For this edition of “This Shit Ain’t Free,” I present a round-up of some lip stains currently bouncing around the bottom of my purse.

COVERGIRL OUTLAST LIP STAIN IN SCARLET PUCKER
I either got this lip stain through MAGIC or through STEALING. I was holding it in my hand at Shoppers, and I swear I thought I put it on the counter with my toothpaste and Twizzlers (anti-cavities and pro-sugar, I am nothing if not counterproductive). The next thing I knew I was outside and my receipt didn’t have the lip stain on it! Ah!! So, technically, I did not pay for this shit. But I MEANT to.

Not that I advocate accidental shoplifting, but I have to say, I’m sort of glad I didn’t pay for this. It’s not so great. I really like the colour, but the formula is very drying. I find that the texture just calls attention to how dry my lips get in the winter. Sometimes I layer it underneath the above mentioned creamy lipstick to give the colours more depth. Otherwise I have to pile a bunch of lip balm on top of it (Kiehl’s #1 is the best, don’t even try to fight me on this). It’s definitely not my favorite. I give it 1 smooch out of 4 potential smooches.

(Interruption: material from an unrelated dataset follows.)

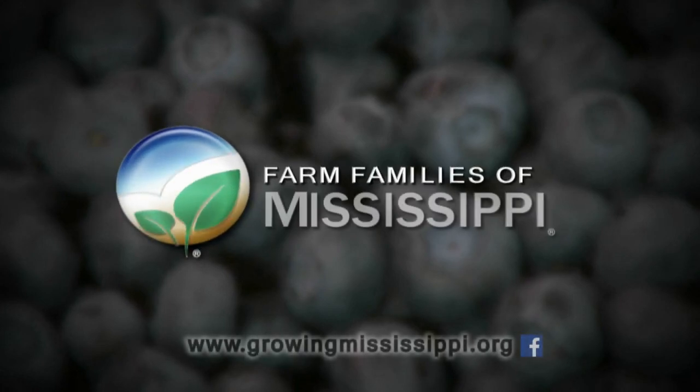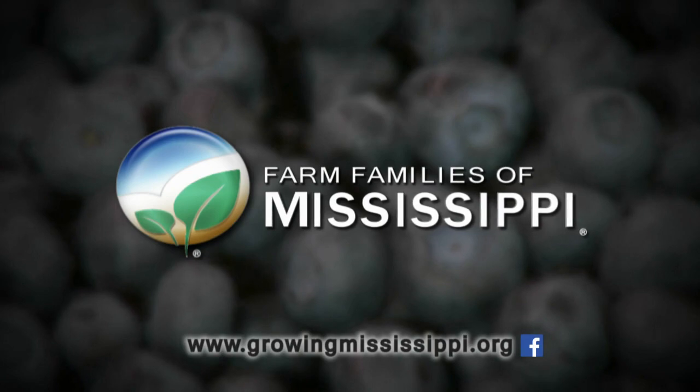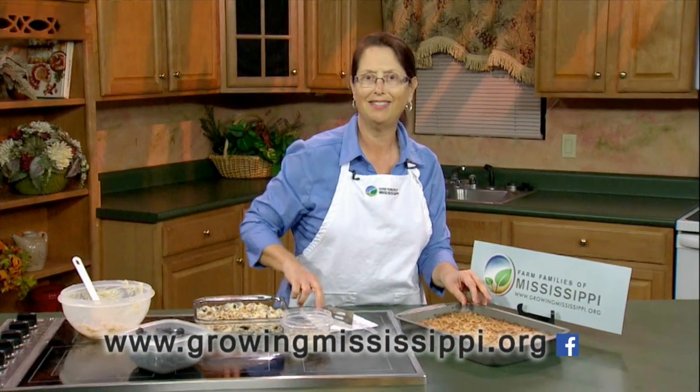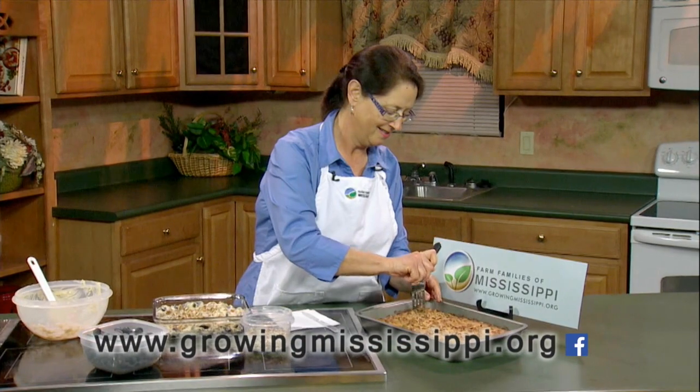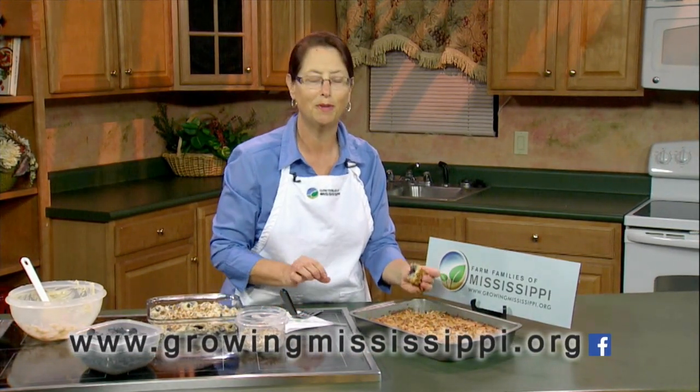You can find out the exact recipe for this by going to our website at growingmississippi.org, and you can also follow us on Facebook by searching for Farm Families Mississippi. I just got to get into this. Mmm, that beautiful blueberry.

REVLON JUST BITTEN LIP STAIN IN FLAME
I paid for this! And it’s the best! This is that perfect orange-ey red that tricks people into thinking you’ve got really white teeth. However, the most brilliant thing about this product is the lip balm that comes with it. I actually hate most lip balms (which is probably why I have such strong feelings about Kiehl’s. It’s the only lip balm I’ve ever liked). Aren’t most of them very…glue-ey? Or Play Doh-ey? I feel like they all have a kindergarten arts-and-crafts smell/texture, and that’s just not something I’m comfortable possibly ingesting. But the Revlon lip balm is really light and odorless! It makes my gigantic lips all nice and smooth. If this lip stain was a person, I would French kiss it.

BENETINT BY BENEFIT
Do I even have to say anything about this? I feel like there was a law that all fashion magazines had to write about this product between 2001 and 2005. To be fair, it is really great! The colour is a really beautiful dark pink/cherry red. Whenever I wear this as a blush, people tell me my skin looks amazing, but I find it’s not dark enough as a lip colour. I’m not into subtle colours for my lips—I like ‘em bold, just like my men (I’LL BE HERE ALL WEEK, TRY THE WINGS, etc). Also, it smells like roses. Who doesn’t like roses? I would give this lip stain a few firm but gentle kisses on the lips before ultimately deciding we should just be friends. Friends who make out every so often.

TARTE LIP STAIN IN AMUSED
I lied, I haven’t tried this yet. It’s too expensive and I’m trying to save money! Duh, this shit ain’t free. Maybe I’ll get it a few pay cheques from now. So far all the lip stains I’ve tried have been red, and I’m curious to see if this pink lip stain could outdo my current favorite pink lipstick (NARS Roman Holiday… it’s the best.). If this lip stain was a person, it would be the object of a mild-to-moderate crush that I would never act on but frequently Facebook stalk.

What beauty product should I finally embrace in 2012? What’s this crazy “body wash” thing everyone keeps telling me about? Ha ha, just kidding, I know what body wash is. It’s the product that used to be in the empty bottles my boyfriend leaves stacked in our shower. No, seriously, tell me a beauty product to review and I’ll review it. I promise not to accidentally shoplift it. Your wish is my ill-advised Sephora purchase.

text by Haley Mlotek
illustration by Brianne Burnell

8 thoughts on “This Shit Ain’t Free: Lip Stains

  1. “someone who is very polished and together and not hungover at the WORN office struggling not to barf on Serah-Marie’s laptop”

    PREACH!

  2. Mascara! Waterproof mascara! Fancy designer deodorants! Any perfume that comes in a ring! What’s with those BB creams that people are freaking out about and I think Maybelline did a ripoff of? Gel nail polishes that you can buy at Shoppers! Shellac manicures! Magnetic nail polish! Why don’t people use loose powder anymore? What about in the 1920′s when people used to rouge their knees – what about that? Bring that back!

  3. BB Cream!

    And I agree with you on CG’s lip stain … except I paid for mine and now it’s all dried up and icky.

  4. This is so very helpful! I have been thinking about being a lip colour-wearer and now I am convinced.

    NOW can you do dry shampoos next? Because I don’t get that stuff.

  5. Ah, you’re hilarious… I’d like something on non-waterproof mascaras. They seem harder and harder to find. And FOR HEAVEN’S SAKE, find me a makeup-pencil sharpener that doesn’t get all crappy after you use it twice. I’ve started sharpening my eyeliners with a paring knife.

    Also, I think Benetint has an allergen in it that releases formaldehyde. It works amazingly well, I know, but I’m just saying. Heh.
    g.

  6. people used to rouge their knees?? i must know more.

    i keep wanting to try lip stain but am overwhelmed with options – i’m going to try the revlon one you recommend! seems like a good starter stain!